C’est un week-end hallucinant auquel nous venons d’assister. La ministre turque de la Famille a été expulsée manu militari samedi des Pays-Bas – une action incroyablement violente d’un point de vue diplomatique – tandis que le président Erdogan, après ses diatribes contre Berlin, usait une nouvelle fois de la comparaison avec la période nazie pour critiquer les autorités néerlandaises, les menaçant de leur faire «payer le prix» de leurs agissements. Depuis Metz hier, le ministre turc des Affaires étrangères qualifiait lui La Haye de «capitale du fascisme» (on notera sur ce dernier point que Paris a donc accepté qu’un ministre étranger vienne cracher à la figure d’un pays ami sur son territoire).

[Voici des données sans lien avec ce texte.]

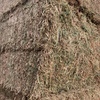 Vetch Hay 670kg 8x4x3 Bales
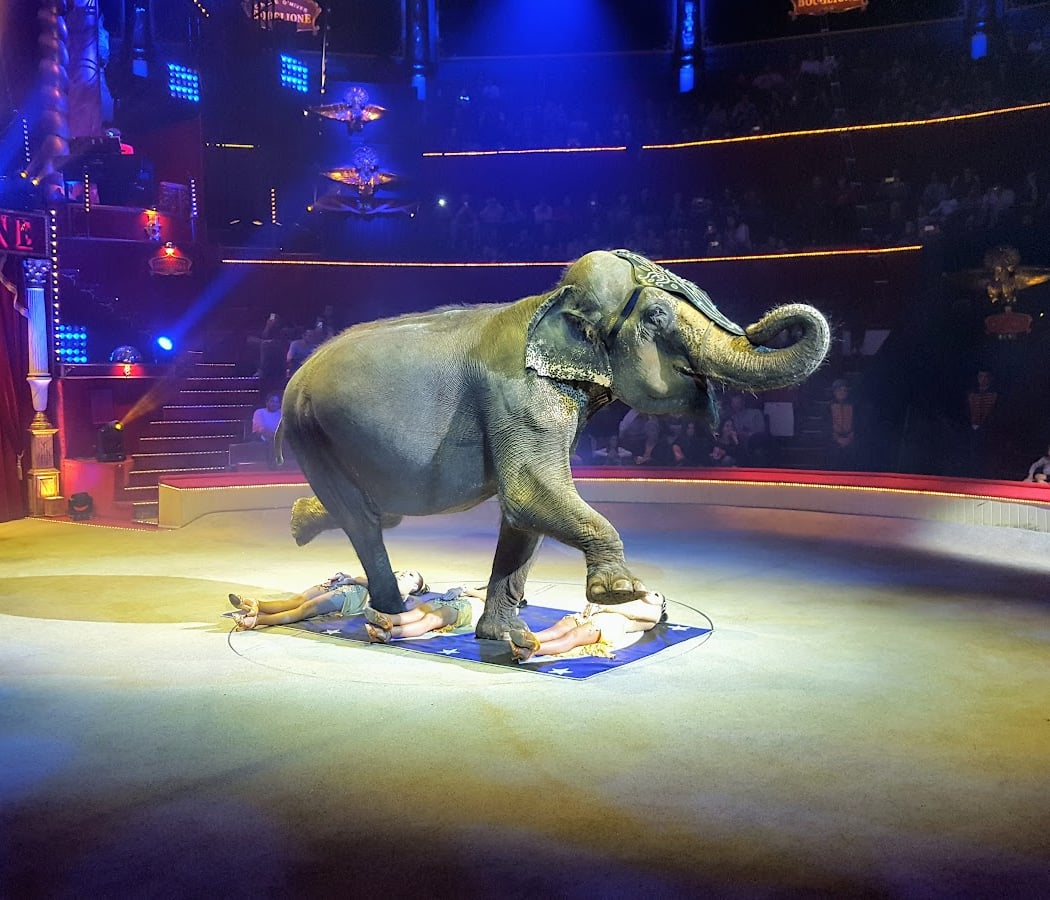 Visite historique du Cirque d'Hiver 3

Dans les deux camps, les arrière-pensées électoralistes sont évidentes. Le Premier ministre néerlandais, Mark Rutte, veut afficher sa fermeté alors que le député d’extrême droite Geert Wilders le talonne dans les sondages avant les législatives de mercredi. Erdogan, lui, joue sur la fibre nationaliste pour obtenir les pleins pouvoirs lors du référendum du 16 avril et souhaite se présenter en pauvre petite victime face à la méchante et raciste Europe.

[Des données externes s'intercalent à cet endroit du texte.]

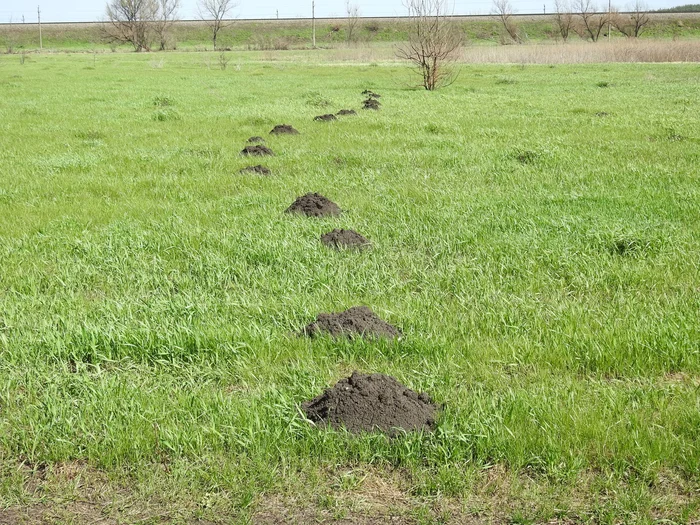 Слепыш: В 10 раз разрушительнее крота. Если он пришёл на участок — огород будет уничтожен Слепыш, Под землей, Животные, Дикие животные, Яндекс Дзен, Яндекс Дзен (ссылка), Длиннопост Слепыш: В 10 раз разрушительнее крота. Если он пришёл на участок — огород будет уничтожен Слепыш, Под землей, Животные, Дикие животные, Яндекс Дзен, Яндекс Дзен (ссылка), Длиннопост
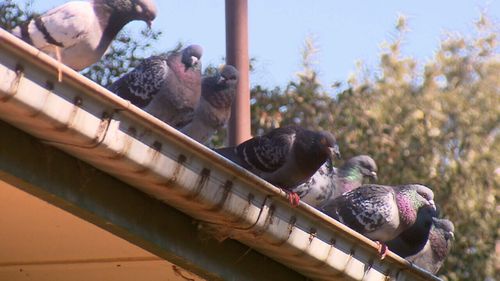 Another neighbour said the flocks of pigeons could become annoying.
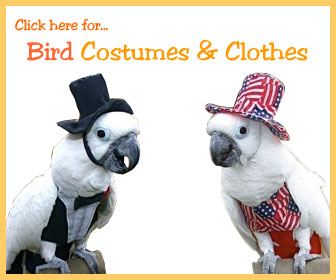 Bird Costumes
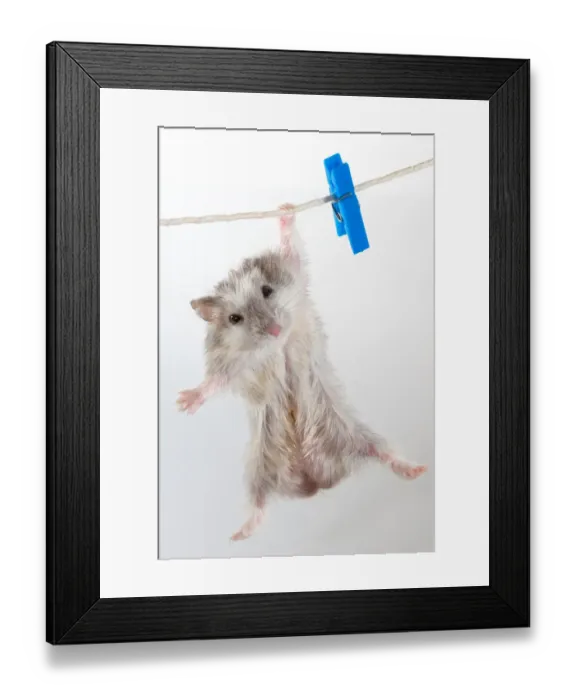 Framed Print : Hamster hanging on clothes line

Mais en dehors de ces considérations, ne pas accepter que les conflits sanglants de la société turque soient exportés en Europe semble assez légitime de la part d’États souverains. C’est ainsi que l’Allemagne et l’Autriche souhaitent interdire les meetings électoraux turcs sur leur sol.

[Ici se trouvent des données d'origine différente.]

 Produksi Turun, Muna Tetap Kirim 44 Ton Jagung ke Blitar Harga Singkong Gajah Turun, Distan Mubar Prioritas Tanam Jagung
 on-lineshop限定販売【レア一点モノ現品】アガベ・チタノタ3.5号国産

Ironie de l’histoire, Erdogan voudrait lui profiter de la liberté d’expression et de réunion qui prévaut dans nos démocraties pour asséner le dernier coup de grâce à la démocratie turque, alors qu’il n’a de cesse de jeter en prison toute voix discordante. Lui qui crie à l’islamophobie est, dans les faits, le meilleur allié des formations d’extrême droite en Europe.
Mais faut-il rappeler au sultan d’Ankara que même pour engranger des voix, toute stupidité n’est pas bonne à dire. Comparer les Pays-Bas et l’Allemagne actuels au régime nazi est la preuve d’une ignorance crasse et l’on peut légitimement se demander si Erdogan a déjà ouvert un livre d’histoire, à l’exception de ceux faisant l’apologie de l’Empire ottoman.